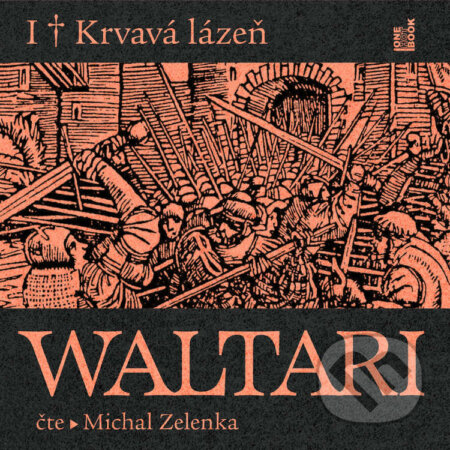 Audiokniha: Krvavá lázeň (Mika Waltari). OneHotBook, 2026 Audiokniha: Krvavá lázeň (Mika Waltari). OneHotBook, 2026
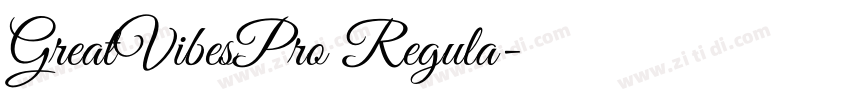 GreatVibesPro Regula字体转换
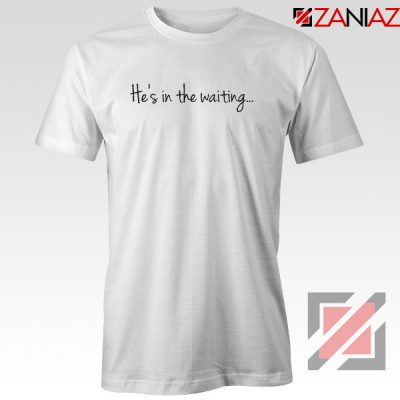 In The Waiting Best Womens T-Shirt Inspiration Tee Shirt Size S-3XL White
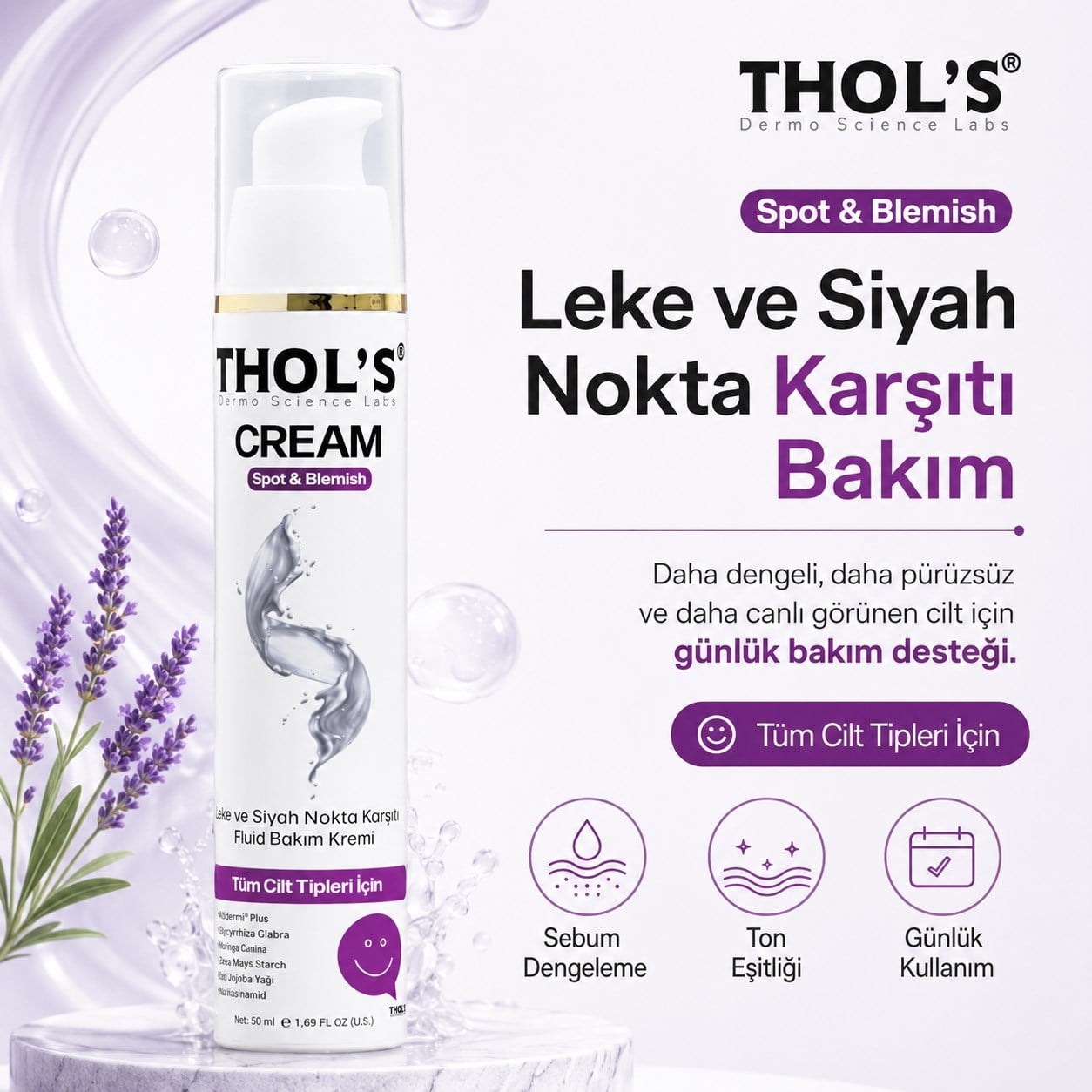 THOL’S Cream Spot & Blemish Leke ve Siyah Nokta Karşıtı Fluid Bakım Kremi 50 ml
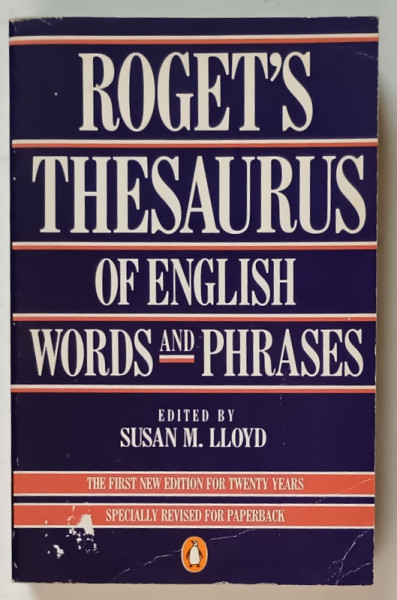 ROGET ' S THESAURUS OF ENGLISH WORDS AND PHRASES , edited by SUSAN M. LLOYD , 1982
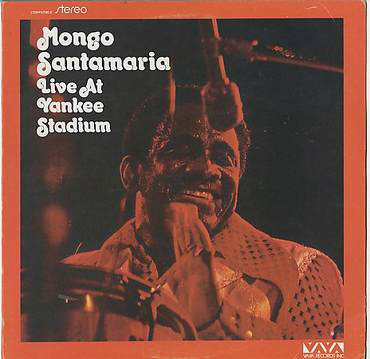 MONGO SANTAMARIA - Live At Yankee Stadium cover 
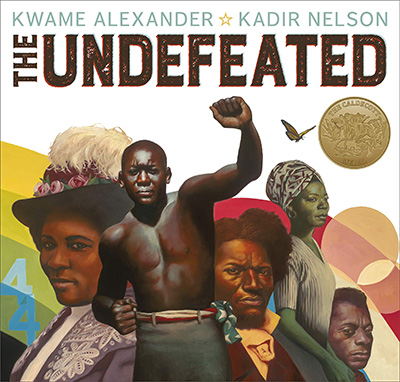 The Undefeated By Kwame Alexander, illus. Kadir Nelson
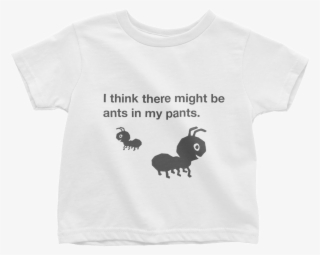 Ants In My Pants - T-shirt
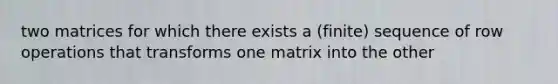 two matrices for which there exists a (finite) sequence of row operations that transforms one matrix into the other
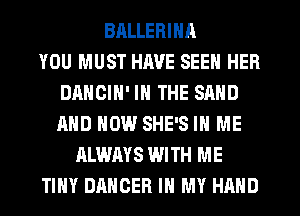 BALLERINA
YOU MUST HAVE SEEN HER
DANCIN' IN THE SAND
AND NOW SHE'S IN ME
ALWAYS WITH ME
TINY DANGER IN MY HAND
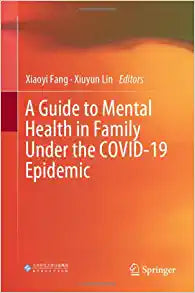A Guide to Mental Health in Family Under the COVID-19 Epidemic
* * *
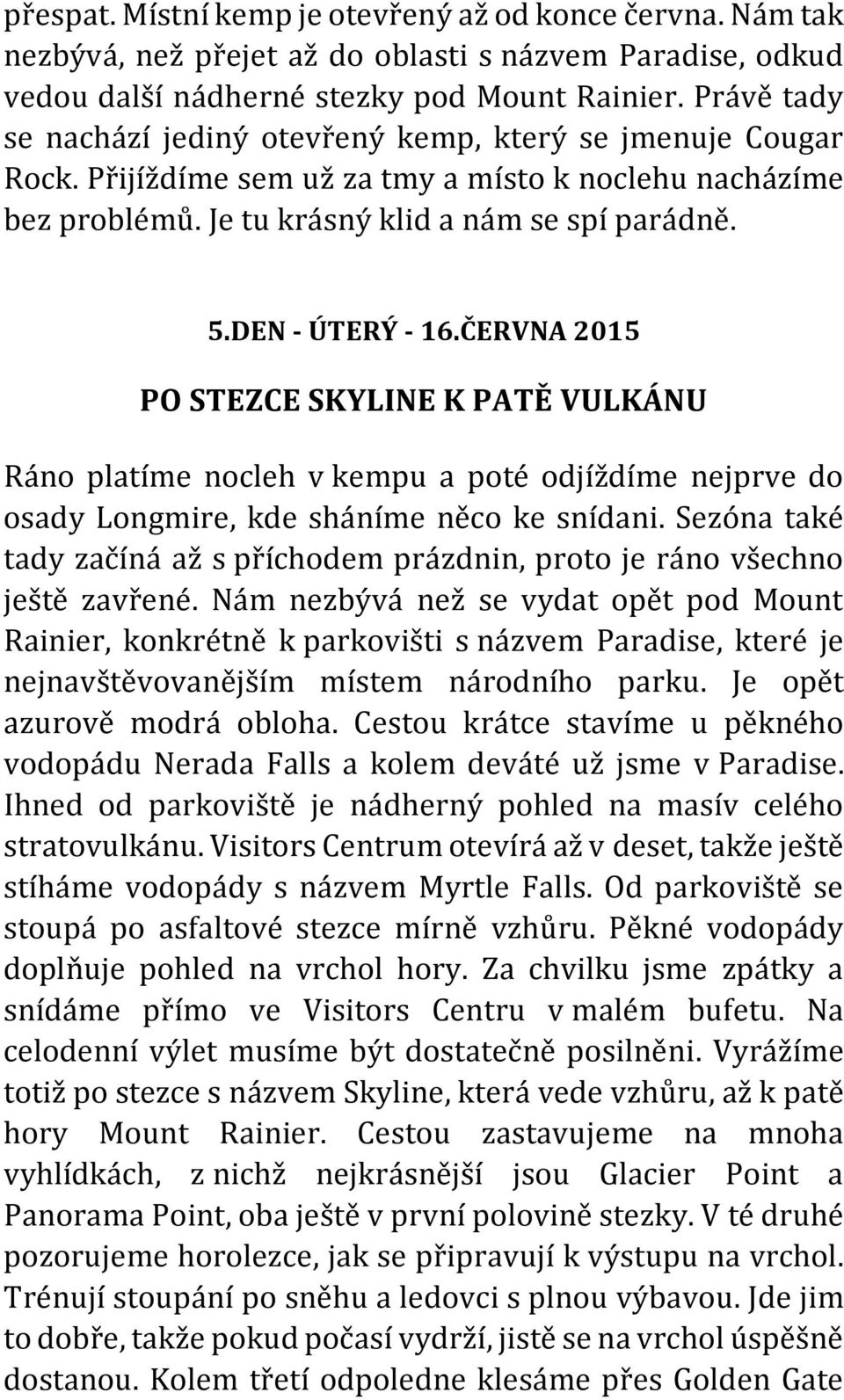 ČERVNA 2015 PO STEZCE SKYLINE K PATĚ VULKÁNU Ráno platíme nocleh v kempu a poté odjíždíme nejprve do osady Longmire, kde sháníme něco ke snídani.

### [EXERCISE AIM]
Print an exact copy of the lines above, from the one containing "2026 Audiokniha: Krvavá lázeň (Mika Waltari). OneHotBook, 2026" through the one containing "A Guide to Mental", and leave out the pictures.

### [SOLUTION TO THE EXERCISE]
 Audiokniha: Krvavá lázeň (Mika Waltari). OneHotBook, 2026 Audiokniha: Krvavá lázeň (Mika Waltari). OneHotBook, 2026
 GreatVibesPro Regula字体转换
 In The Waiting Best Womens T-Shirt Inspiration Tee Shirt Size S-3XL White
 THOL’S Cream Spot & Blemish Leke ve Siyah Nokta Karşıtı Fluid Bakım Kremi 50 ml
 ROGET ' S THESAURUS OF ENGLISH WORDS AND PHRASES , edited by SUSAN M. LLOYD , 1982
 MONGO SANTAMARIA - Live At Yankee Stadium cover 
 The Undefeated By Kwame Alexander, illus. Kadir Nelson
 Ants In My Pants - T-shirt
 two matrices for which there exists a (finite) sequence of row operations that transforms one matrix into the other
 BALLERINA
YOU MUST HAVE SEEN HER
DANCIN' IN THE SAND
AND NOW SHE'S IN ME
ALWAYS WITH ME
TINY DANGER IN MY HAND
A Guide to Mental Health in Family Under the COVID-19 Epidemic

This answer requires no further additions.